The freight market on the Far East-Europe corridor is currently experiencing a peculiar paradox. Spot ocean rates are under heavy pressure and have fallen drastically despite a persistent shortage of vessels. This is in contrast to basic market fundamentals and similar shortages experienced last summer. This suggests a new dynamic is at play, with some analysts pointing to a “rate war” among major carriers for market share.
The Tonnage Gap vs. Plummeting Rates
According to the Alphaliner newsletter, liner operators on the Far East-Europe route are facing a significant capacity deficit. To operate the 31 liner services with weekly sailings of the major alliances (OCEAN Alliance, Gemini Cooperation, Premier Alliance) and MSC stand-alone services, 461 vessels are required. However, only 425 are currently deployed by these players, creating a shortfall of 36 vessels (approximately 504,000 TEU of vessel capacity).

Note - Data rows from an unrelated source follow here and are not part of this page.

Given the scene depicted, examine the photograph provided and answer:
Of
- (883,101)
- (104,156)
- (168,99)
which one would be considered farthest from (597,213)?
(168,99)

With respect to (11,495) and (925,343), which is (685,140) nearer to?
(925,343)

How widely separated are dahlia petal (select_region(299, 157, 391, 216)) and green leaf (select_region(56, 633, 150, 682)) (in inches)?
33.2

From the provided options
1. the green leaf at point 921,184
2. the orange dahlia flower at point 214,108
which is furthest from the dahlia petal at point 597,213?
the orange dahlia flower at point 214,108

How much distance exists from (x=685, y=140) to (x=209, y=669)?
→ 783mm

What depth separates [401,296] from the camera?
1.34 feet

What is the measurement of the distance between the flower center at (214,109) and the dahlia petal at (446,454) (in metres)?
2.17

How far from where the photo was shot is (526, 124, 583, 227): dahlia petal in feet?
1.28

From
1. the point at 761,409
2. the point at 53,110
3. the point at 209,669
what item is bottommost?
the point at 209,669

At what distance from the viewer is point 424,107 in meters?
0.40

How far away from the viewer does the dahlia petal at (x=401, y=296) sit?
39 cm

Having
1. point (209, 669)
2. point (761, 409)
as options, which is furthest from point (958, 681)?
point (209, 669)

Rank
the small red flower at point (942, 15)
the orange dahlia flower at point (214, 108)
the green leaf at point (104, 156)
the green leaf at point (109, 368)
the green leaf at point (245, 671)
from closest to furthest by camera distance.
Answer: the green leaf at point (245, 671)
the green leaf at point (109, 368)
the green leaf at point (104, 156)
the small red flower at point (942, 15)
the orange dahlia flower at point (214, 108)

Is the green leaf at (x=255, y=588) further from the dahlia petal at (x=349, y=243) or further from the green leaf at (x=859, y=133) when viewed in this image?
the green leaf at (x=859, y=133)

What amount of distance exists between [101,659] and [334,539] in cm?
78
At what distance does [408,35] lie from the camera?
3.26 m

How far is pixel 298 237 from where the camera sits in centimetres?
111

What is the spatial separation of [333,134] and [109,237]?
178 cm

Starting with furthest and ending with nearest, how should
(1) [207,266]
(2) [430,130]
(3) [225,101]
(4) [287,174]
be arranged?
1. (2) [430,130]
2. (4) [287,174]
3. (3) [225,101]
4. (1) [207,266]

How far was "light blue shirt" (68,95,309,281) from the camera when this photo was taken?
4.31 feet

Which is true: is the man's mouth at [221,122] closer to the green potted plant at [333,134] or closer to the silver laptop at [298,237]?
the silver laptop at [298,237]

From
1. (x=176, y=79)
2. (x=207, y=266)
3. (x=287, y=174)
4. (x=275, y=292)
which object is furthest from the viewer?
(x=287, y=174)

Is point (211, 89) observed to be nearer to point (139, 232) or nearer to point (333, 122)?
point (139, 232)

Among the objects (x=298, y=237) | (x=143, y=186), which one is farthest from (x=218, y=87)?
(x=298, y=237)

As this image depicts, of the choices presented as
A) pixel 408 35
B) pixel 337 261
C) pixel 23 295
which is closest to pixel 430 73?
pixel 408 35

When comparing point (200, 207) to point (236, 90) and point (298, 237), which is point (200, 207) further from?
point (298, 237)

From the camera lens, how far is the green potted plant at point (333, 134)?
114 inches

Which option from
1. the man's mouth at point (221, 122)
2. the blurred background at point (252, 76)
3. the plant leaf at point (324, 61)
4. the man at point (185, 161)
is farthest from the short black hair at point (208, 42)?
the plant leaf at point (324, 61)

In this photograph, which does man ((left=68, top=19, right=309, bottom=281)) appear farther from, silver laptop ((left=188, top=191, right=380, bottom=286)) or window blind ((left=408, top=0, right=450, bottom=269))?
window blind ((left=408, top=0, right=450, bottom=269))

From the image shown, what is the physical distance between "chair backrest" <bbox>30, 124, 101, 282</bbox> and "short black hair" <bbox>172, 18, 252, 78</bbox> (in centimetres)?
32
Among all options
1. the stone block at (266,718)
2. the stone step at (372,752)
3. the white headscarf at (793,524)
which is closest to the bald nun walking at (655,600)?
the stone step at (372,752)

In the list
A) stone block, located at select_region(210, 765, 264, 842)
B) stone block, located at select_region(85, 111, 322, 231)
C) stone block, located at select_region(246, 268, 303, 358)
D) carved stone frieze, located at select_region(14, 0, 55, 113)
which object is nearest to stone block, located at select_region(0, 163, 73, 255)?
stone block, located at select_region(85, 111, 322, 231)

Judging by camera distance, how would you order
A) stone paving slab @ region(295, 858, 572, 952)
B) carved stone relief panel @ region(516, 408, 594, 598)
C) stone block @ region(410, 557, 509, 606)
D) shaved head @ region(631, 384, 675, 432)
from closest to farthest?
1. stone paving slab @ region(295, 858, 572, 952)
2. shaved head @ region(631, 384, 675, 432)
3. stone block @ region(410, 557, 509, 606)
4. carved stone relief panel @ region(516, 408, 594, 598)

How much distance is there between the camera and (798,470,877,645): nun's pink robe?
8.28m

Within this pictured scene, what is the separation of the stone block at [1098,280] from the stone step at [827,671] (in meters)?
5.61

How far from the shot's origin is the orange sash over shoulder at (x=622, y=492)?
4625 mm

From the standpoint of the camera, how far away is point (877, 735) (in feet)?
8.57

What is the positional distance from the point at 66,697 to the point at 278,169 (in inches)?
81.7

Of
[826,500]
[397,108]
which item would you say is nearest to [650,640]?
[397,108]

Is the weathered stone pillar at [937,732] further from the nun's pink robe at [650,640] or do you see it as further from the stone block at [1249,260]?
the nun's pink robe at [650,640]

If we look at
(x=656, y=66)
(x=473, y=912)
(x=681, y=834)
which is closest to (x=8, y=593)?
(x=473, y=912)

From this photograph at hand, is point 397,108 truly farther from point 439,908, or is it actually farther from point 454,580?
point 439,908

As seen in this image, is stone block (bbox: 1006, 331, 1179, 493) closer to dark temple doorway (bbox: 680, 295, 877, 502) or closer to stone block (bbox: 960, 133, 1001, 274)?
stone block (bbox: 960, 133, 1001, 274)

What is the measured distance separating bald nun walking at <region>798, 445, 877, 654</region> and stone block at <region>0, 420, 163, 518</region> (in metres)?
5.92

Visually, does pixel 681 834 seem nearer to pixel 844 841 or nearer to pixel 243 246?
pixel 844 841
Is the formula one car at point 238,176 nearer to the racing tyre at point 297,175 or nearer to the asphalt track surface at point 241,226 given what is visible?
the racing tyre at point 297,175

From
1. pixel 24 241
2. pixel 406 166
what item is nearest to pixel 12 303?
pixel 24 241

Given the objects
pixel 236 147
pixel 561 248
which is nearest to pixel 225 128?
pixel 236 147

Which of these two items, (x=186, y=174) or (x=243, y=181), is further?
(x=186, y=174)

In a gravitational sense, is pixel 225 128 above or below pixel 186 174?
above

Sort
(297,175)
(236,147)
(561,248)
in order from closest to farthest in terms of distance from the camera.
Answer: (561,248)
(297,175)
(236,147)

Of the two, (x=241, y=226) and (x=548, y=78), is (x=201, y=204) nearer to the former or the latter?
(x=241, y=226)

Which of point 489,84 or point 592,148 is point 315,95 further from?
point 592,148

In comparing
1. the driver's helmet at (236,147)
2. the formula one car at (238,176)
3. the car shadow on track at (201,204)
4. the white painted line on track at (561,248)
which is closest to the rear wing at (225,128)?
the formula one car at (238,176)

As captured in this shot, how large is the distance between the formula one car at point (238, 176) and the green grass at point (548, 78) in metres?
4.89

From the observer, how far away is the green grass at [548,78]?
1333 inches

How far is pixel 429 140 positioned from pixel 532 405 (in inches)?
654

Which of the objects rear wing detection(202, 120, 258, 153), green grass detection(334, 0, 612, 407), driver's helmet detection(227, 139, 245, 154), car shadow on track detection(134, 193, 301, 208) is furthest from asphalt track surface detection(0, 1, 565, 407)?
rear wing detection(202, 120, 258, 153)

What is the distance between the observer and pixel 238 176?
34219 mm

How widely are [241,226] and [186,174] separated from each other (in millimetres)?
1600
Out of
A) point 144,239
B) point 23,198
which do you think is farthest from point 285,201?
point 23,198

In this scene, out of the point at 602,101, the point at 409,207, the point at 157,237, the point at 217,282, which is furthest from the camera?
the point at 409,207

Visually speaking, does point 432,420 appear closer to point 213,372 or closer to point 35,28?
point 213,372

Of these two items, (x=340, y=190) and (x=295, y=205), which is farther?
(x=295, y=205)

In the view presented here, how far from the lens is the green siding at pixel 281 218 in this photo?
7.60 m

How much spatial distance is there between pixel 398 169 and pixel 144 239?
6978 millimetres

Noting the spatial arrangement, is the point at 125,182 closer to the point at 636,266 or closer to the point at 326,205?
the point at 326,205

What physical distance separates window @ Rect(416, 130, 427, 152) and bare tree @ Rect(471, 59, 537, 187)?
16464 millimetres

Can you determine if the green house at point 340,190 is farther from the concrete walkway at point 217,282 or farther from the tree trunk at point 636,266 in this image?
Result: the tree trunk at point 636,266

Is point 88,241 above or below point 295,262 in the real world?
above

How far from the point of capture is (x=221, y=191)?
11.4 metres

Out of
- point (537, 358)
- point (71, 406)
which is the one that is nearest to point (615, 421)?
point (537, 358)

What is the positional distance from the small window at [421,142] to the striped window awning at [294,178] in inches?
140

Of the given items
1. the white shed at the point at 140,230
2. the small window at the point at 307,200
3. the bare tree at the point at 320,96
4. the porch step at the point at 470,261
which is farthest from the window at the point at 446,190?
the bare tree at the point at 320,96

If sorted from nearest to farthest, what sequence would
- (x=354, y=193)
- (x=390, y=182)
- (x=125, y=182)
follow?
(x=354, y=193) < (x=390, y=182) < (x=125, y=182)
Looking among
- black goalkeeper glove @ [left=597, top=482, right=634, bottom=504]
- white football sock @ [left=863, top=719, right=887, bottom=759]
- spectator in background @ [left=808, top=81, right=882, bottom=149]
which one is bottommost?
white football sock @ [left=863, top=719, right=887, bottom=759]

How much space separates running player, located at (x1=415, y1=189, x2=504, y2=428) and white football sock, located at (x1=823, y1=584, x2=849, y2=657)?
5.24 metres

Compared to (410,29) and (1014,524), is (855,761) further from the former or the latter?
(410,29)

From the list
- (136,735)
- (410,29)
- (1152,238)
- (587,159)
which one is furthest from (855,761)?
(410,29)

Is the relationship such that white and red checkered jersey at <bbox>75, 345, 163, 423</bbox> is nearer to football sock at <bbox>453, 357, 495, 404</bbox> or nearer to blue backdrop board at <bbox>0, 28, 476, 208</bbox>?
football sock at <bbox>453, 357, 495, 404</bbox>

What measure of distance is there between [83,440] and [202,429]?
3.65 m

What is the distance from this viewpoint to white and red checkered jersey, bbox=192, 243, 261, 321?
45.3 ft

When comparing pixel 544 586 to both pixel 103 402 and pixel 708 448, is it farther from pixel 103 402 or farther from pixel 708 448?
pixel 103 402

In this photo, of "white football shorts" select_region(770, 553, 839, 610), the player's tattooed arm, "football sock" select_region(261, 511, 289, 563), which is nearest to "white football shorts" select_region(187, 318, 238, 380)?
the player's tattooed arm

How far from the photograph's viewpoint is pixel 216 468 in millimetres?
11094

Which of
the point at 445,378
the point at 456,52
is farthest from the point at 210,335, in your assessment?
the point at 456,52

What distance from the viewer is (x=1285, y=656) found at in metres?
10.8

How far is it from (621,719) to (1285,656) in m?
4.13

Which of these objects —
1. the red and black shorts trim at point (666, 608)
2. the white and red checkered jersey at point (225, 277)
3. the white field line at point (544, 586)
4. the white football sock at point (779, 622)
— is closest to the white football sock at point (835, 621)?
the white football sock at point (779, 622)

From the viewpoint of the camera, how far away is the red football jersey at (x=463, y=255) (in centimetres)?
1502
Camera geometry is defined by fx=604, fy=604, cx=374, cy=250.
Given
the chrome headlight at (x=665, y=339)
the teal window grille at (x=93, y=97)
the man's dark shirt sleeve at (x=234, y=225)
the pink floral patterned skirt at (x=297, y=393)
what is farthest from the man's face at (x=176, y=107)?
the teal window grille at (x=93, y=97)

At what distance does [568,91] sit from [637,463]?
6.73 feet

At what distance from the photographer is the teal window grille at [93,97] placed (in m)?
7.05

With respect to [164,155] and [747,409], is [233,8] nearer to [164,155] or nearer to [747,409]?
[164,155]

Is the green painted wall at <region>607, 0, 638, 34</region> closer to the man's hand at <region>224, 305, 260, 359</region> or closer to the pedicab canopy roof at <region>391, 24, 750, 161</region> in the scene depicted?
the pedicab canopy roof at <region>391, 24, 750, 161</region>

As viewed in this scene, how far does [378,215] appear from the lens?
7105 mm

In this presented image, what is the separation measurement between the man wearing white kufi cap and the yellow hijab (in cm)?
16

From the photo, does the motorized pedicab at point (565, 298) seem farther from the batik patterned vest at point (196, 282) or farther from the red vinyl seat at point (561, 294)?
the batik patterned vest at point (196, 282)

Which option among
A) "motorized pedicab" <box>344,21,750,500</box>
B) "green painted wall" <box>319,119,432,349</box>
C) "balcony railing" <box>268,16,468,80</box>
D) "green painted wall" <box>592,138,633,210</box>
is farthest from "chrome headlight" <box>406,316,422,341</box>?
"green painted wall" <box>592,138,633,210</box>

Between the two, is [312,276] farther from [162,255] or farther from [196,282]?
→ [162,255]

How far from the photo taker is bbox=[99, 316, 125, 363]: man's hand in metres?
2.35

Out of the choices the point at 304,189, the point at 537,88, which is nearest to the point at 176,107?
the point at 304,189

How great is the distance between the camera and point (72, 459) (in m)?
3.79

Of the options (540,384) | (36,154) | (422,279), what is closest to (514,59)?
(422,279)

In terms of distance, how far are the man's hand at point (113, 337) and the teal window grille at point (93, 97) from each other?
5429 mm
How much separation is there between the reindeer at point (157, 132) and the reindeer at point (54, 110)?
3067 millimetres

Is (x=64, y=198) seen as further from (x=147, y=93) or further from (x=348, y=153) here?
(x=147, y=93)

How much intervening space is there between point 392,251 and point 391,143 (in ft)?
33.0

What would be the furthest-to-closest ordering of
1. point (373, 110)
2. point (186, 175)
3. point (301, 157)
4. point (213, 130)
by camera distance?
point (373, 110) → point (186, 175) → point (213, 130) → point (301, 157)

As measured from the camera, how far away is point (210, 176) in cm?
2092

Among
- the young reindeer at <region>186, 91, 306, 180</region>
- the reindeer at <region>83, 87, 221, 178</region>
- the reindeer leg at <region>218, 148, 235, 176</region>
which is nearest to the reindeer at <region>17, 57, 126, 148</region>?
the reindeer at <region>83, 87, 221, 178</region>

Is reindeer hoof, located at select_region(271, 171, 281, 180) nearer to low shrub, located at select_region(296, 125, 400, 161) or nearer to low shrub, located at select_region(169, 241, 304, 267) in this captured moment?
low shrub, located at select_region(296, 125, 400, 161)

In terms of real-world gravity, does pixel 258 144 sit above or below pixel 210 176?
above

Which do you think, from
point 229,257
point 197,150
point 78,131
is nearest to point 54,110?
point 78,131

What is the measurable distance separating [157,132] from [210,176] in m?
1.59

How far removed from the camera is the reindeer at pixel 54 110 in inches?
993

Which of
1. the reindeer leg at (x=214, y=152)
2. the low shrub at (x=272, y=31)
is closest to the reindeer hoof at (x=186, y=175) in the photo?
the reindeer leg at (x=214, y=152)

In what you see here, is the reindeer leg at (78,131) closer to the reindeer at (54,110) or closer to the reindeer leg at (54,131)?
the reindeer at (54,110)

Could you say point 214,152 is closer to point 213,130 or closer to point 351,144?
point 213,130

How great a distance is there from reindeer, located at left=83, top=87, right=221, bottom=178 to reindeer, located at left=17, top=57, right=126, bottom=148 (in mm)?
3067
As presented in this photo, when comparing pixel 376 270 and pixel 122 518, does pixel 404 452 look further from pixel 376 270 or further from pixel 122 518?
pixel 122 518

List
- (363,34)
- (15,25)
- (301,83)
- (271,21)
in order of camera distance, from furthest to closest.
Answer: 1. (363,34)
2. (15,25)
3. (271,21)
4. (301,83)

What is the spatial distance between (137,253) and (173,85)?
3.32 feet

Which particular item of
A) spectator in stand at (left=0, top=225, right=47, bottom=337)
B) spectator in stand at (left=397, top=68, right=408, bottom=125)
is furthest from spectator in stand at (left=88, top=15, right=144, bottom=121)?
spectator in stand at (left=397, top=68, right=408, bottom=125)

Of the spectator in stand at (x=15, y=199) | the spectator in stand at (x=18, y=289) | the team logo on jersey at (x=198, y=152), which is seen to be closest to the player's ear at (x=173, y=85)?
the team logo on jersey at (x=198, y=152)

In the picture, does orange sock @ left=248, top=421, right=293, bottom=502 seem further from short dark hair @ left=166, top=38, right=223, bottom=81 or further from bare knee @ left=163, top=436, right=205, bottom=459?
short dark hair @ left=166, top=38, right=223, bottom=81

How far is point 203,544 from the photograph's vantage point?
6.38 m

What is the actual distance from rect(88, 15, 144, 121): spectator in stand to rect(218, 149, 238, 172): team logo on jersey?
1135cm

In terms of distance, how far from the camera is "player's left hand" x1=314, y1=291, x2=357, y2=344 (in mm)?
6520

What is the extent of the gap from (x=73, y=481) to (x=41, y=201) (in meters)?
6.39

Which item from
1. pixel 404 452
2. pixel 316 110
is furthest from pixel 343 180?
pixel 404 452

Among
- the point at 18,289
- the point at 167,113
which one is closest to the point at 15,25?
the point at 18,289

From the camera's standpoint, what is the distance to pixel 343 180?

Ordinarily, such an under-supply would drive rates up, however, the current market has defied this logic. Spot rates from Shanghai to North Europe have declined 45% over the past ten weeks, with double-digit decreases in the last three weeks alone. The Reason could be a “Tug of War” on prices and a Race for Market Share fueled by several factors:
- A Bulging Order Book: A record-high new vessel order book, totaling 10 million TEU, represents 30.4% of the existing global fleet, creating pressure to fill this incoming capacity. Carriers are competing now on prices to increase their market share to ensure vessel fulfilment in the future.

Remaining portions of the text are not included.